--- START ---
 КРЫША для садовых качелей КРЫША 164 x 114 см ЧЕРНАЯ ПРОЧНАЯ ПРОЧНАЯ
--- END ---
--- START ---
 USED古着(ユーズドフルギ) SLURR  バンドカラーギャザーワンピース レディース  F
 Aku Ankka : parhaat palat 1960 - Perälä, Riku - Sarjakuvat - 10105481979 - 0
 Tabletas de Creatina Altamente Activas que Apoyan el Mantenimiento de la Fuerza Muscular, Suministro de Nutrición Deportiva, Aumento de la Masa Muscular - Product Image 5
--- END ---
What you return should be exactly the lines above, starting at the one with "Aku Ankka : parhaat" and ending at the one with "Tabletas de Creatina", and nothing else.

WRITTEN ANSWER:
 Aku Ankka : parhaat palat 1960 - Perälä, Riku - Sarjakuvat - 10105481979 - 0
 Tabletas de Creatina Altamente Activas que Apoyan el Mantenimiento de la Fuerza Muscular, Suministro de Nutrición Deportiva, Aumento de la Masa Muscular - Product Image 5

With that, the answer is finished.